You’re Ben Cherington and you’ve got the ball. You always wanted to be the guy on the mound with the entire season on the line. You got what you wished for: to be the one who makes the choice at the moment of decision on the diamond: this will be the turning point in your baseball career.
The score is tied in the bottom of the 9th in the Championship game, the bases are loaded and the count is 3 and 2; you might want to, but you cannot avoid an outcome. You could just freeze, stand still, close your eyes, and with faint hope, throw the ball with all your might, trying to wish it into the strike zone. And let your fate be decided by the umpire’s call.
But, as you nervously spin the ball in your right hand, just before you look in for the sign, your Shadow side speaks up and whispers: “Ben, remember: Some situations require a change.”
You decide to “suck it up”–to keep your eyes open and not just aim a fastball at the middle of the plate; you decide, instead, to take a chance; you make the catcher run the three-sign sequence, until he flashes four fingers for the “change.” You nod in concurrence; the plan is to surprise the batter with a well-executed pitch that appears to be a fastball, but comes in about 10 miles slower.
Sure, it’s a risk, but, thrown identically like your fastball motion, it usually fools the batter, throws off his timing, puts him off balance and makes him swing too early, rotate his hips prematurely and wave his bat, feebly, just before the ball arrives at the plate.

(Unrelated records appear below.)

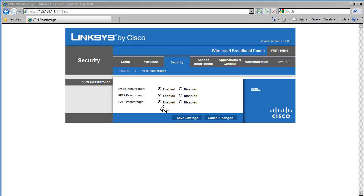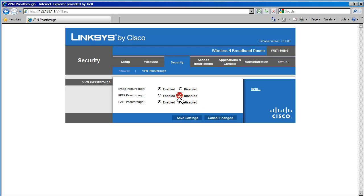You can disable any protocol you are not going to use. We are using IPsec and not the others, so we are going to disable PPTP and L2TP.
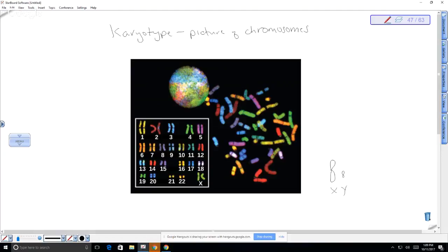Karyotypes allow you to determine genetic sex by looking for the presence of X and Y chromosomes. You can also look for the absence of a particular chromosome or an extra copy. Sometimes you can see whether chromosomes are missing pieces, which can be a diagnosis for a particular genetic condition. We'll stop there for today — read your chapter on cell reproduction and we'll continue on Monday.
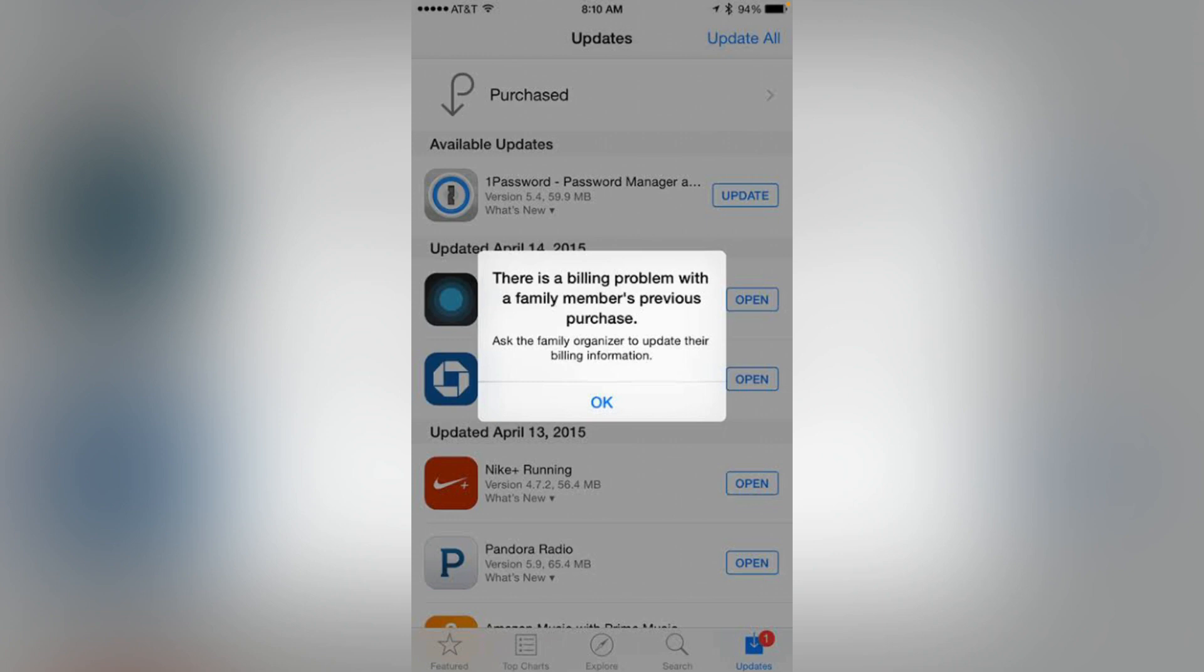When you are updating or downloading apps from the App Store, this error occurs. In this video, I'm going to fix this, so let's get started without wasting any time.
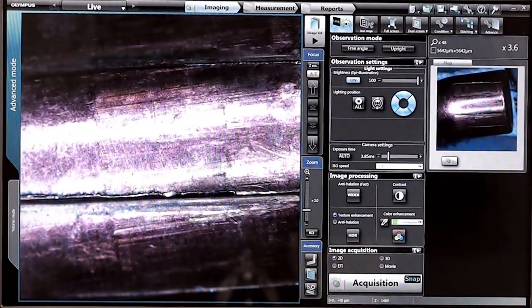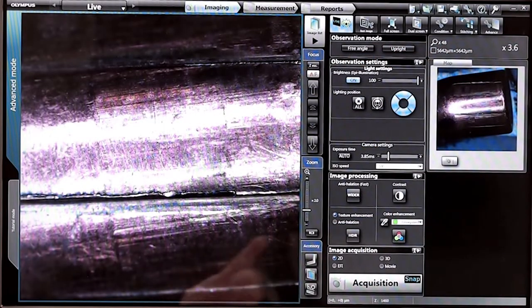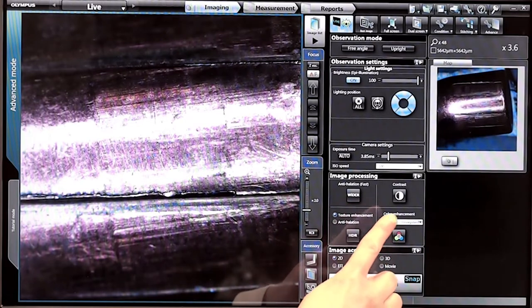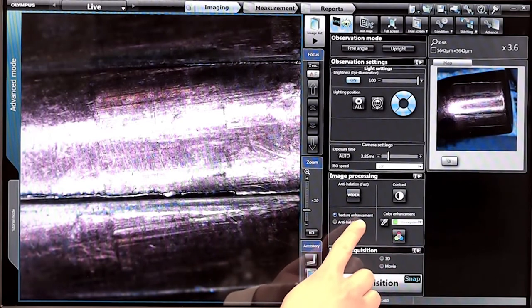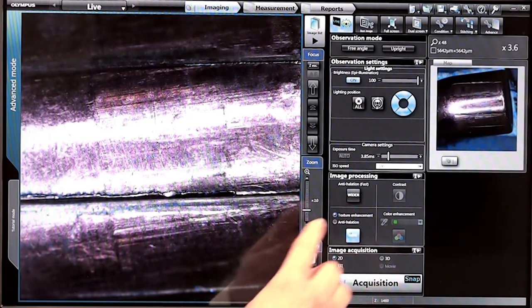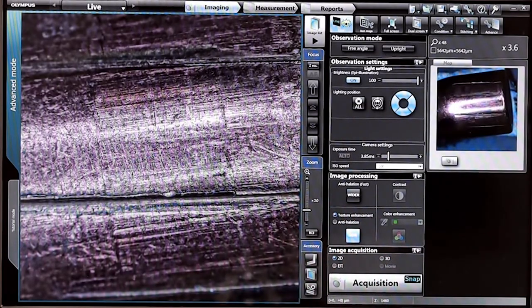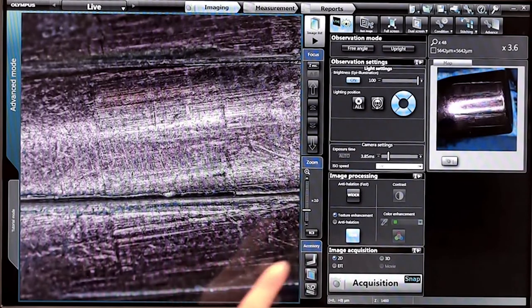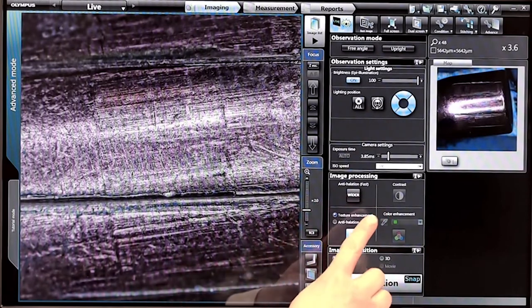High dynamic range imaging blends several exposures into a single image with extra clarity to give captured images the extra edge required for critical assessment and measurement.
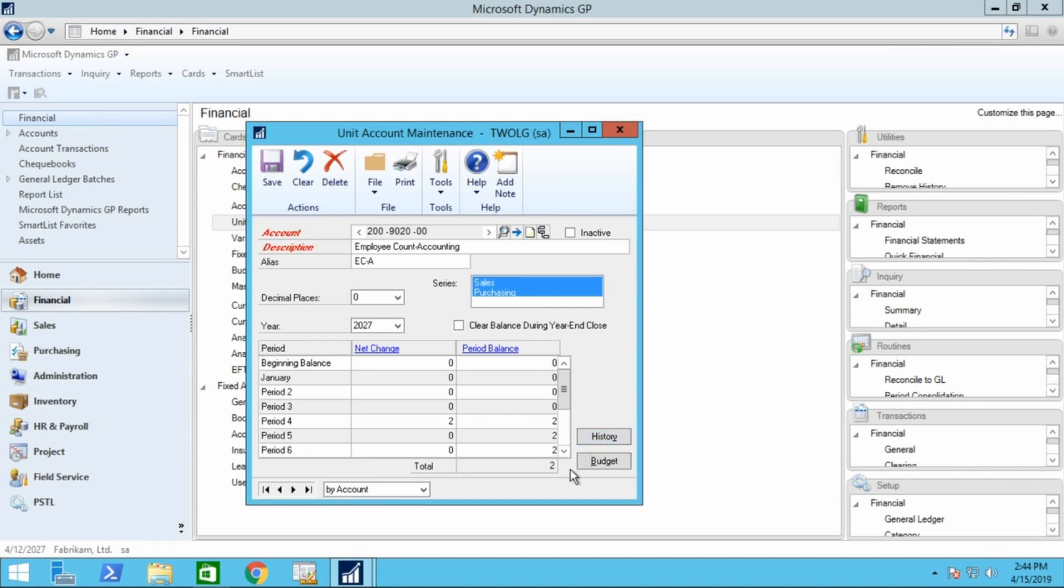Budget information can also be added for unit accounts. This would allow a company to report on variances, just like posting accounts. So a company can track headcount by department and not only report revenue by headcount, but also compare it to their budget.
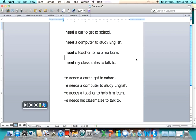He needs a car to get to school. He needs a computer to study English. He needs a teacher to help him learn. He needs his classmates to talk to.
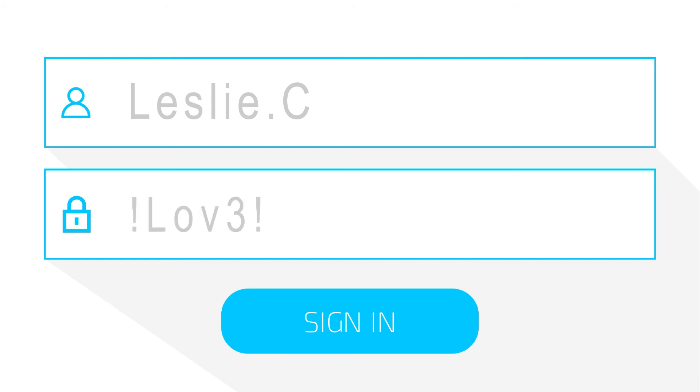Also, replacing a few of the letters with a number or special character, such as changing the I in ice to an exclamation point, and E in cream to a three, can add yet another layer of security.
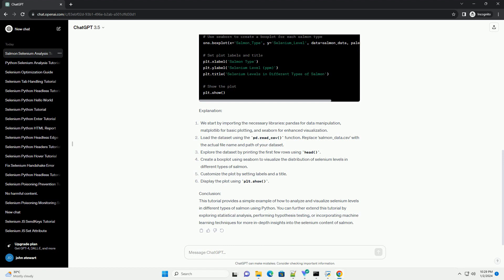Prerequisites, Libraries used, Code example, Explanation, Conclusion. This tutorial provides a simple example of how to analyze and visualize selenium levels in different types of salmon using Python.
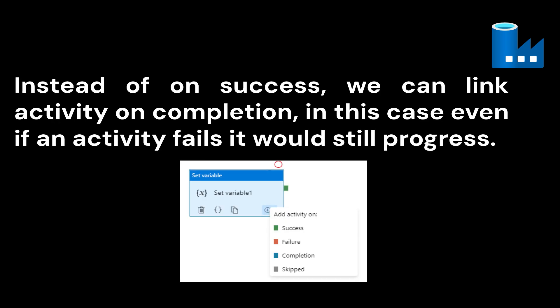This was the third question — if you want to make sure that Activity 2 or Activity 3 progresses even if Activity 1 fails in the pipeline, you simply choose the On Completion link between the two activities. I hope you liked this video. Do let me know in the comment section if you have any doubt, and thank you so much for being here.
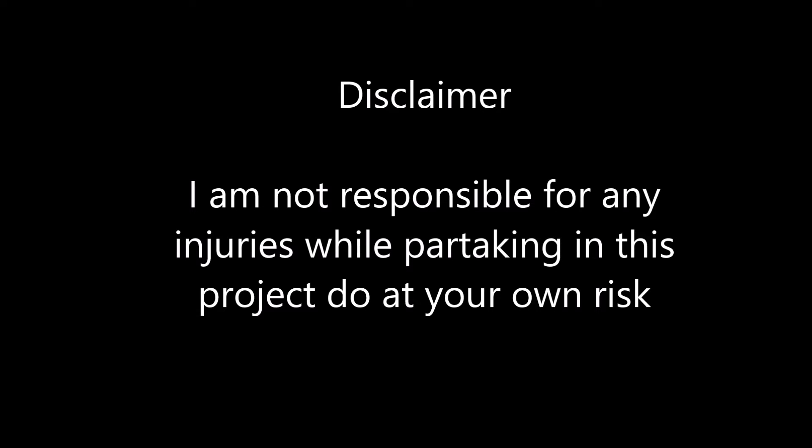Disclaimer: I am not responsible for any injuries while partaking in this project. Do at your own risk.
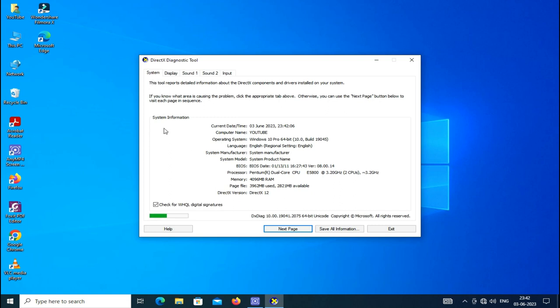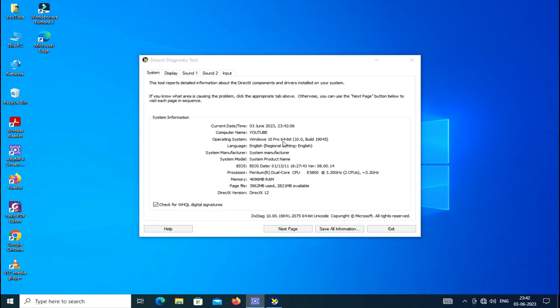This is a system summary. The current date is here, and computer name, Windows version and build, manufacturer, BIOS date, and our physical memory.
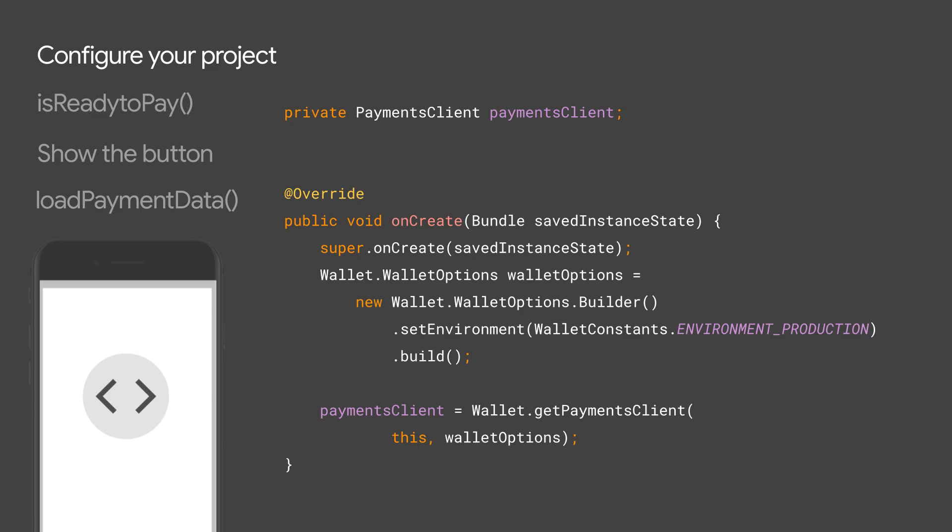For the test environment, you don't need to register with Google. You can play with the API yourself and integrate into your application. In this case, you can use real payment information. However, whenever a selection is made, we return you a non-chargeable token.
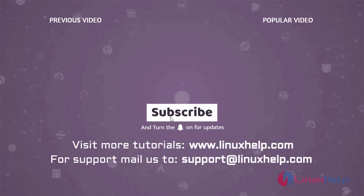Thank you for watching this video. If you like it, please subscribe to our channel. To learn more tutorials, visit www.linuxhelp.com. If you have any queries, mail us to support@linuxhelp.com.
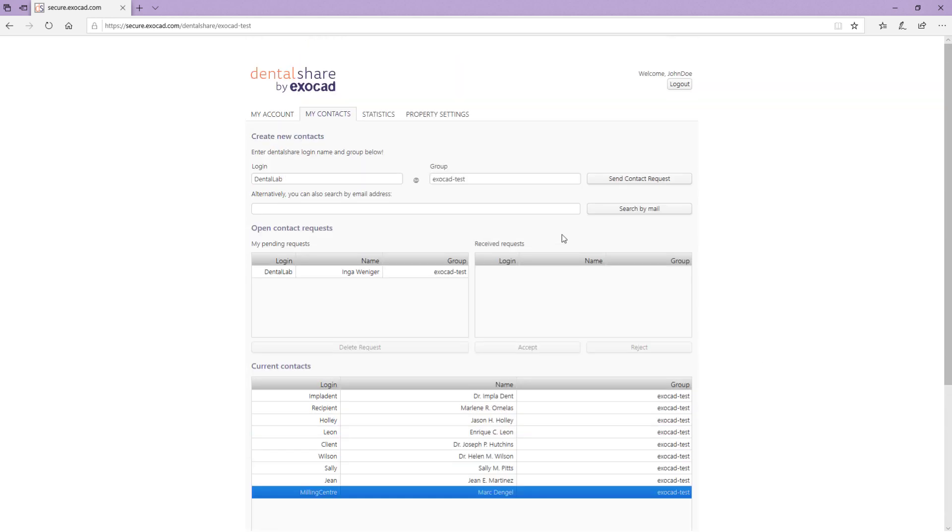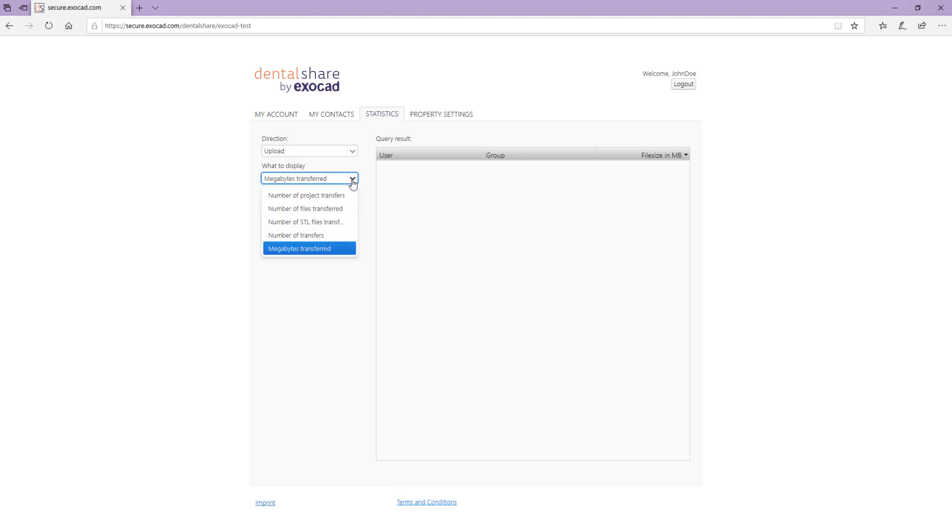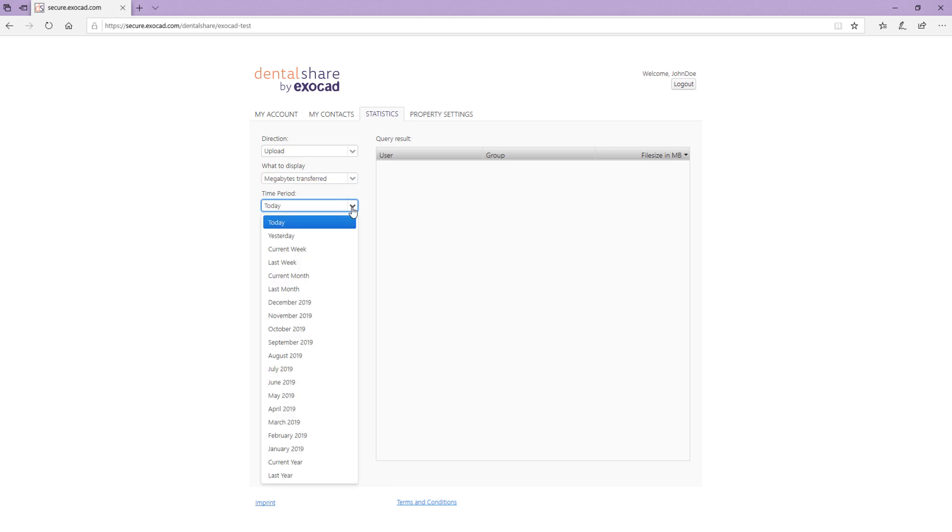In the tab Statistics, you can monitor the data transfer volume for your account. Using the drop down menus, you can select which statistics you want to display in the Query Results section in a selected time period.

By taking a risk, recognizing that some situations require a change, you give your team a chance to win.
What was that saying:
“The only sure way to not fall out of the bed is to sleep on the floor.”
You’re Ben Cherington and you fervently want to believe that you don’t need to take a chance–to trade for a starting pitcher; you want to believe that, Larry has it right: the “varsity” players that were on the DL will return and produce, your team will win a Wild Card slot and, inevitably, win the World Series.
But, a small voice tells you that some situations require a change.
You’re Ben Cherington and, just last Saturday, July 7th, baby girl Adwen, revealed her the innate baseball savvy by arriving during the All-Star break, and, behaving like a species-typical father, you immediately felt that age-old burden of responsibility that causes you to be concerned about the long-term future.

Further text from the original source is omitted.